### WHAT IS REQUIRED:
Search the data below for the string "Jacket". Extract every line that contains it.

-- TASK INPUT follows --

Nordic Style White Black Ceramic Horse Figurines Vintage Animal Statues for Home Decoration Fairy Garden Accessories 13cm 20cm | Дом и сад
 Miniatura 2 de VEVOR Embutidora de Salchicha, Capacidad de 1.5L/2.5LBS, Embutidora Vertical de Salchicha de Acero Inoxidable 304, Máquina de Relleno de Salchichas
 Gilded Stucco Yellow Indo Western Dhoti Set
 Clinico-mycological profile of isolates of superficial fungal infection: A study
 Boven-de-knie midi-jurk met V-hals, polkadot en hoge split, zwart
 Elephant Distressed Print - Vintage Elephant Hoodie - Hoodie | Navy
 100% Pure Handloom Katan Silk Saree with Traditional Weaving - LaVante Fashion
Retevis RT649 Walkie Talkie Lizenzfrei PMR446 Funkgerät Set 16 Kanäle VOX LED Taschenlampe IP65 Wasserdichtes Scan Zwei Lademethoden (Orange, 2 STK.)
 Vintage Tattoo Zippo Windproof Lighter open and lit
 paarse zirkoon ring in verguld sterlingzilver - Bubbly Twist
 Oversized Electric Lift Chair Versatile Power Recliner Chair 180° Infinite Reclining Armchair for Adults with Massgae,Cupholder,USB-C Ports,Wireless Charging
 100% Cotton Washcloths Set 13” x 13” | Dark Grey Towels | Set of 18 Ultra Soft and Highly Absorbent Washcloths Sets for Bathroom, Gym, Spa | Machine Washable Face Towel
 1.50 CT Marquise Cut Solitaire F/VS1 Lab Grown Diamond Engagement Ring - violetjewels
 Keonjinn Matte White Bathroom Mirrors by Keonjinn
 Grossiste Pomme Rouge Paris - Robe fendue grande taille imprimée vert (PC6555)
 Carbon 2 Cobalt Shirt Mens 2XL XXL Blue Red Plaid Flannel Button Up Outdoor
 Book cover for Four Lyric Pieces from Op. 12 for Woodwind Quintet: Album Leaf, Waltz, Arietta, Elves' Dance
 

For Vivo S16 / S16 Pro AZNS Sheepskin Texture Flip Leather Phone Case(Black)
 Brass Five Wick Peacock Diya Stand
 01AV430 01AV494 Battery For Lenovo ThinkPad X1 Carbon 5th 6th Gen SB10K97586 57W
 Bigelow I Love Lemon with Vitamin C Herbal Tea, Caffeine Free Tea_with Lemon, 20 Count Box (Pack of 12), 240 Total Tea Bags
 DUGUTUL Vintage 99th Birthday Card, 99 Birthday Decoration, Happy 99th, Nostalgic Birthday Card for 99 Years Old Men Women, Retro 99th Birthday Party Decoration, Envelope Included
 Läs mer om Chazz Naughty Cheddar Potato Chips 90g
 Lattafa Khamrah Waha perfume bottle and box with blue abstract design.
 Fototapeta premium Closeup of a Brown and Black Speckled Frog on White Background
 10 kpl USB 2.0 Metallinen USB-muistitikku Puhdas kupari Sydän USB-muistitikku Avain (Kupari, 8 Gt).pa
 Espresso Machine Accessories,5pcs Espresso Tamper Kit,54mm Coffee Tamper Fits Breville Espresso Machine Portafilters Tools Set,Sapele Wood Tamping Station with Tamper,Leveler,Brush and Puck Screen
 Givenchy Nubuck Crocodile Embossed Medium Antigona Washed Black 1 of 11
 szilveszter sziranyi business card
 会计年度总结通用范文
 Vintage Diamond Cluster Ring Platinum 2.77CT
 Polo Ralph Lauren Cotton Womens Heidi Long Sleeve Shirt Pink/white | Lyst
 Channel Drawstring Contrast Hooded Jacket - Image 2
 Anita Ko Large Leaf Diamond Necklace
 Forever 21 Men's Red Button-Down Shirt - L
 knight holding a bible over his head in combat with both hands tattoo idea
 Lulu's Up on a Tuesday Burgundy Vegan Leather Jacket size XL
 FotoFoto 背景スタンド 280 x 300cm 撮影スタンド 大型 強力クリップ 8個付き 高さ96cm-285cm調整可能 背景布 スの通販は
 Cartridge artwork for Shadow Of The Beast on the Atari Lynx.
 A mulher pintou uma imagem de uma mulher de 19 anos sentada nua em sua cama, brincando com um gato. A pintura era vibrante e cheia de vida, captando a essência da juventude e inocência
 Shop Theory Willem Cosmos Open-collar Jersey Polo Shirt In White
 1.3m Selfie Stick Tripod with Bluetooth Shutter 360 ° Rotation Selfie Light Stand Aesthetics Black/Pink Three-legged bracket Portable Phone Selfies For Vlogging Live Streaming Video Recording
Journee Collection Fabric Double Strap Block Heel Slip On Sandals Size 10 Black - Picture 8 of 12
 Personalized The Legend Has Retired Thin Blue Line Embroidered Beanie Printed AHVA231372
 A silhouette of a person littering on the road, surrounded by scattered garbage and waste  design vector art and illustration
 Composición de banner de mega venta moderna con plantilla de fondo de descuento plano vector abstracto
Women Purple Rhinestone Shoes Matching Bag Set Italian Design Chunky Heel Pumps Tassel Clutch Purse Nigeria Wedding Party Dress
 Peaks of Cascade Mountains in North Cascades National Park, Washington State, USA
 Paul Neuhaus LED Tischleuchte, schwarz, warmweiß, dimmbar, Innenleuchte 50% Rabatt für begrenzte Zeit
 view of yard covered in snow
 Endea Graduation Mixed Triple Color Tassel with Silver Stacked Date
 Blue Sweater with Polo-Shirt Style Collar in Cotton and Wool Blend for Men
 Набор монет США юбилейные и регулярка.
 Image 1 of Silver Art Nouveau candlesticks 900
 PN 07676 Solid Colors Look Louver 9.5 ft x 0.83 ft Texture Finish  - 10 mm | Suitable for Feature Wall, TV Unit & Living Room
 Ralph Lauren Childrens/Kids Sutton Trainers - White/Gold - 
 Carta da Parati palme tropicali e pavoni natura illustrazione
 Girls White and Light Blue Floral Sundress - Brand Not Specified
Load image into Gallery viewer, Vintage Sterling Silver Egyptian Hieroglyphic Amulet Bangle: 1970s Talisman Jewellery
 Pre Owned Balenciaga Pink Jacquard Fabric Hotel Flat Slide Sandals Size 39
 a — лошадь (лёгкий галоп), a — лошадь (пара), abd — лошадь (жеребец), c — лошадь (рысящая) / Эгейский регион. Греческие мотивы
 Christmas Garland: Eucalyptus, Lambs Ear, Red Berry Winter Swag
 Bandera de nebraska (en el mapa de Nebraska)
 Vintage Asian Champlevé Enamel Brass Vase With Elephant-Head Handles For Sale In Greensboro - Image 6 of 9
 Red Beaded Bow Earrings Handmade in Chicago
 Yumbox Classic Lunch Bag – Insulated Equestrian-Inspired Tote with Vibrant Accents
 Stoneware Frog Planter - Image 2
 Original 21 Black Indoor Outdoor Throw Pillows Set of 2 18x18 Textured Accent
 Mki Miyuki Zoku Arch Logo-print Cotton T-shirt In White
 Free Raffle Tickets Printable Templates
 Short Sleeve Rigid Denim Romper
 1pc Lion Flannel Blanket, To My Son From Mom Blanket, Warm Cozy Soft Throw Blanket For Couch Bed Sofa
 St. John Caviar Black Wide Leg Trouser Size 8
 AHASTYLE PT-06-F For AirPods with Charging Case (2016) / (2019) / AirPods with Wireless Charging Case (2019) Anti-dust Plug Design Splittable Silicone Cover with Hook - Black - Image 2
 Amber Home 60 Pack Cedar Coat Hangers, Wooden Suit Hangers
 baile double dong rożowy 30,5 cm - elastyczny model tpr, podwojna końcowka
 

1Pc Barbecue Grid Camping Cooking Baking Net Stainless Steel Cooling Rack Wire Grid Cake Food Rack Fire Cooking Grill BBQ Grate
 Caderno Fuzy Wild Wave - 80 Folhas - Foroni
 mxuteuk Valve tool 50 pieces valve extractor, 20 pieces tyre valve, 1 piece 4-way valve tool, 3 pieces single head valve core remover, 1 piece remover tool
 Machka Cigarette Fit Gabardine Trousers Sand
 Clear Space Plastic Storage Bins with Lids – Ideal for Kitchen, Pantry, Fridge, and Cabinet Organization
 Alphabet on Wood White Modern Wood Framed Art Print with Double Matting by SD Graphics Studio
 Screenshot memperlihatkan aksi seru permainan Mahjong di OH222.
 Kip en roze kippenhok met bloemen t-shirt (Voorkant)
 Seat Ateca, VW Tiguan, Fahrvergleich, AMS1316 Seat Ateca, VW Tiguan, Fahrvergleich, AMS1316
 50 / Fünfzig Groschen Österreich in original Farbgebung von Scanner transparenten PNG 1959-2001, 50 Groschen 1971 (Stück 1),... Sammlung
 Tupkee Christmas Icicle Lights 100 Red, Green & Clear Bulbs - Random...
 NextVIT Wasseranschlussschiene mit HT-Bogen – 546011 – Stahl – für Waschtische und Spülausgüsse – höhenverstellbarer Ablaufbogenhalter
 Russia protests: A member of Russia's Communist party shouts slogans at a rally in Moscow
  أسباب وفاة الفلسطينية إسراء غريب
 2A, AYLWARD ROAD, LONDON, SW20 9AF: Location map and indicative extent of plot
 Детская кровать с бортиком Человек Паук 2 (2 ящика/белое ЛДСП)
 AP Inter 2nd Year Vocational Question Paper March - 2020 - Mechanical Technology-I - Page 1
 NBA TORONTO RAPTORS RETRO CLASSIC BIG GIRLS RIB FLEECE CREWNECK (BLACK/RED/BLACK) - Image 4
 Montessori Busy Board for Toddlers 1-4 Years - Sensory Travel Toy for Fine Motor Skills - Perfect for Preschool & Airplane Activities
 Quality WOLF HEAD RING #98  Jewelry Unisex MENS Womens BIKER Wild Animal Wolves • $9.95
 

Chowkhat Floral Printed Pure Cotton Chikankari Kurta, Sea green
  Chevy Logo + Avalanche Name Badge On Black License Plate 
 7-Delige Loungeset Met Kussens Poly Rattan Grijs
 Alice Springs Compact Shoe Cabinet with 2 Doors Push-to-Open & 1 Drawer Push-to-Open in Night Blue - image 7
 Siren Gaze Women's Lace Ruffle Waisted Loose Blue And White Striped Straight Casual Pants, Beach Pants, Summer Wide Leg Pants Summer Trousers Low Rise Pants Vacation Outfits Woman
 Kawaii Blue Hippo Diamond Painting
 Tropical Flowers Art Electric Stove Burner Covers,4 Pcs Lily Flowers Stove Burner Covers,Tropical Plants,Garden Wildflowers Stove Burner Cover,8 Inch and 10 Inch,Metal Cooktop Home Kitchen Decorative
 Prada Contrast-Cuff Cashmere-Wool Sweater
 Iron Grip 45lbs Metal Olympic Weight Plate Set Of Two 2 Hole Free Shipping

-- TASK INPUT concluded --

### TASK ANSWER:
 Channel Drawstring Contrast Hooded Jacket - Image 2
 Lulu's Up on a Tuesday Burgundy Vegan Leather Jacket size XL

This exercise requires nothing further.